High Stakes Accountability: Implications for Resources and Capacity
Jennifer King Rice, Christopher Roellke
Information Age Pub., 2009 - Education - 261 pages
A volume in Research in Education Fiscal Policy and Practice Edited by Jennifer King Rice, University of Maryland and Christopher Roellke, Vassar College In this third volume of Research in Education Fiscal Policy and Practice, editors Jennifer King Rice and Christopher Roellke have assembled a diversity of research studies focused on the current policy environment of high stakes accountability and how this context has impacted educators and students at multiple levels of the system. This effort to leverage student performance through high stakes reform has accelerated and intensified considerably since the 2002 reauthorization of the federal Elementary and Secondary Education Act, commonly referred to as No Child Left Behind (NCLB).In order for high stakes accountability reforms to realize their stated aims, targeted schools must have or acquire the resources and capacity to meet prescribed performance standards (Hess, 1999; Malen & Rice, 2005; Mintrop, 2003, 2004; Wong, et al., 1999), yet little systematic research has been assembled to document the implications of high stakes accountability systems on the resources and capacity of schools and school systems. This book aims to fill that gap. With this in mind, authors were asked to pay specific attention to challenges school systems confront as a result of NCLB and other high stakes reforms. The contributing authors were asked to think of policymakers and practitioners at local, state, and national levels as the intended audiences for their work.
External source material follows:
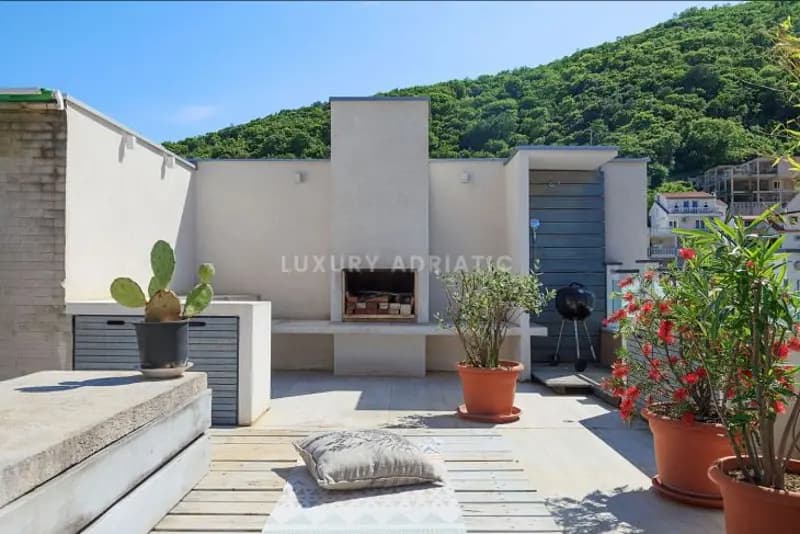 Budva'da 3 odalı daire -- 85 m2 çatı terası ve garaj ile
Our contributors responded with a collection of studies examining the relationship between high stakes reform and school district staffing, the recruitment and distribution of high quality teachers, curriculum making, and the provision of supplemental educational services to children. Our book is organized into three sections. The first provides a framework for assessing the impact of high stakes accountability policy on school capacity and also addresses implementation challenges at both state and local levels. The second section focuses on the impact of federal and state policymaking on teacher staffing and workplace conditions. The final section includes three chapters that provide a range of critiques on federal policymaking, including legal challenges to NCLB.